Retype word for word the line containing "Terreno com Vista: 8ª" and each line that follows it in the records below, through the last one, with no pictures.

Caption-style text data:

++++++++++++++++++++

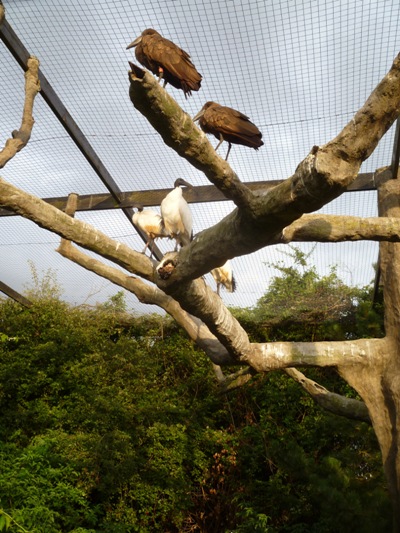 African bird exhibit 3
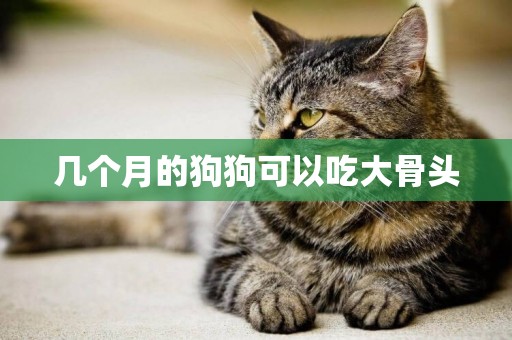 幾個月的狗狗可以吃大骨頭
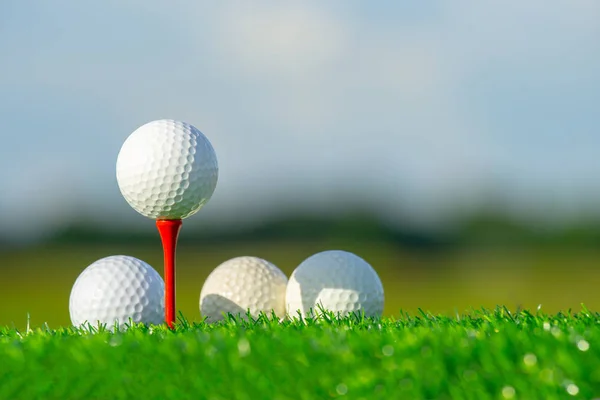 Feche Golfball Fundo Grama Verde — Fotografia de Stock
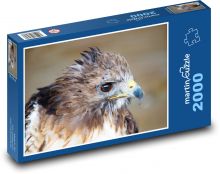 Sokół - drapieżnik, czarne oczy Puzzle 2000 elementów - 90x60 cm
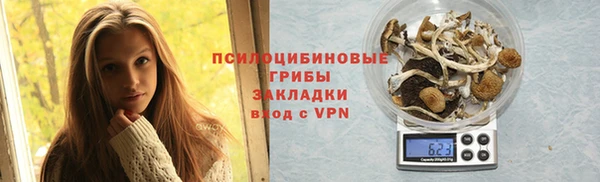 амф Верхний Тагил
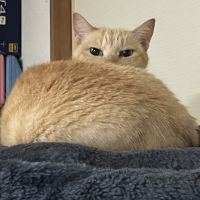 かずみかんさん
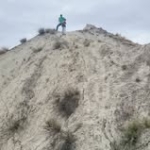 Veronica Valencia del Rio Profile Picture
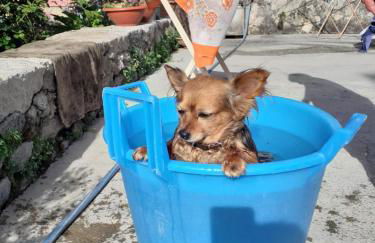 Casa vacanza zia Ersilia - Foto 75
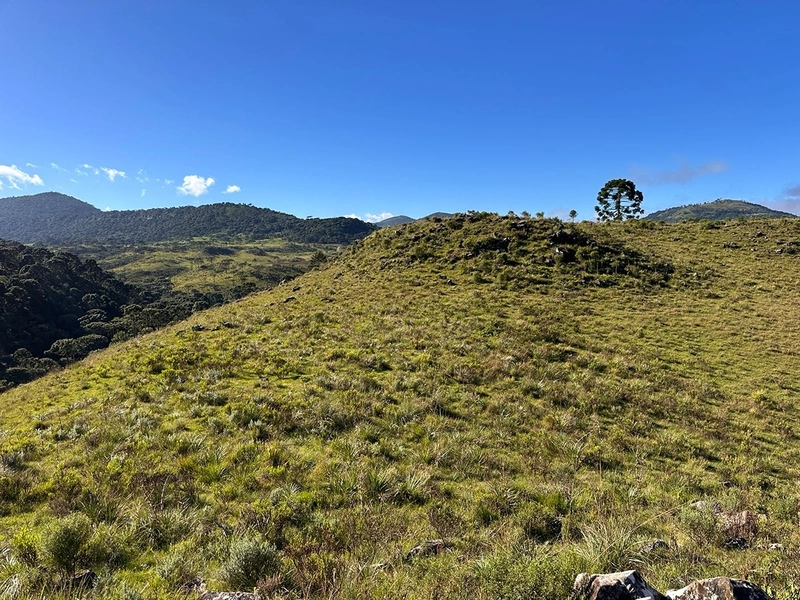 Terreno com Vista: 8ª foto da galeria de imagens do imóvel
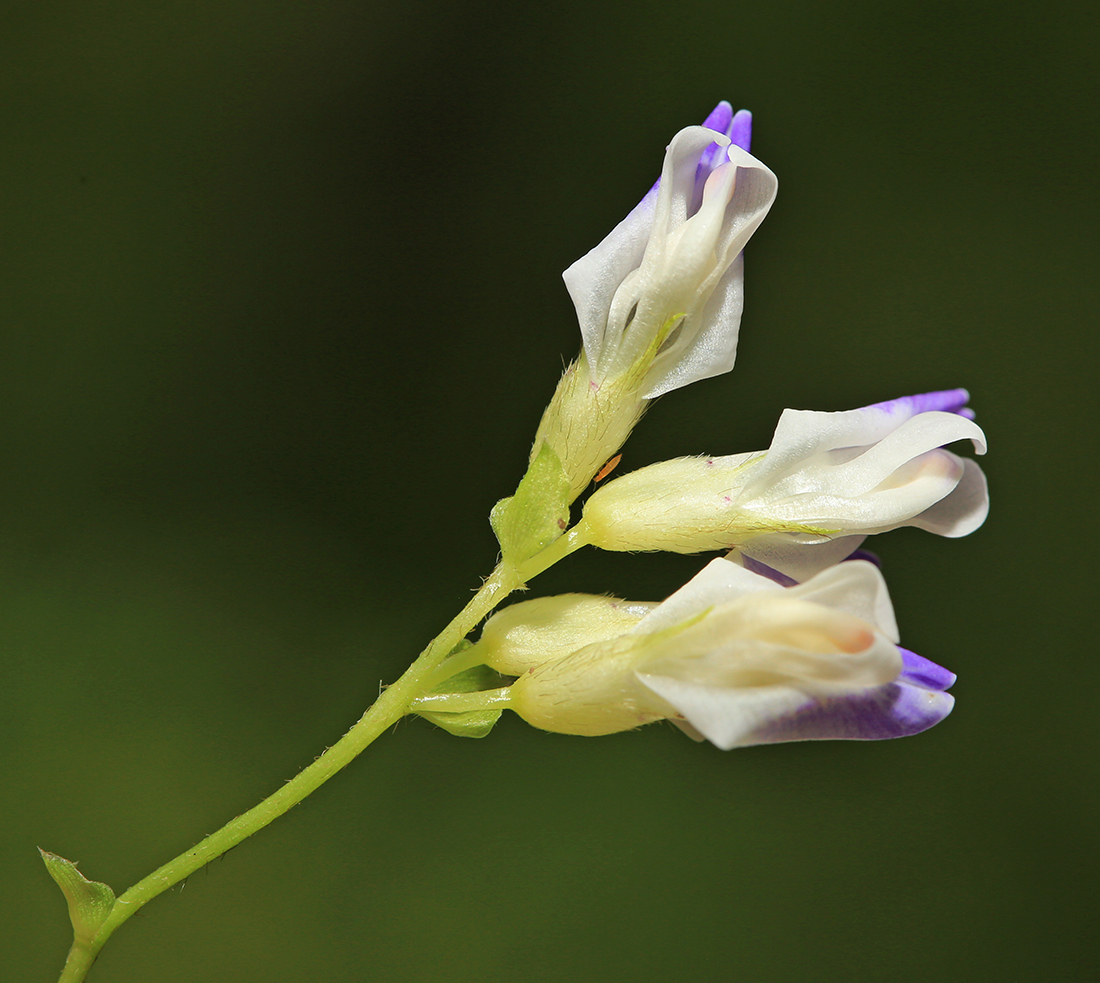 Изображение особи Amphicarpaea japonica.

++++++++++++++++++++

▸ **RESPONSE AREA**:
 Terreno com Vista: 8ª foto da galeria de imagens do imóvel
 Изображение особи Amphicarpaea japonica.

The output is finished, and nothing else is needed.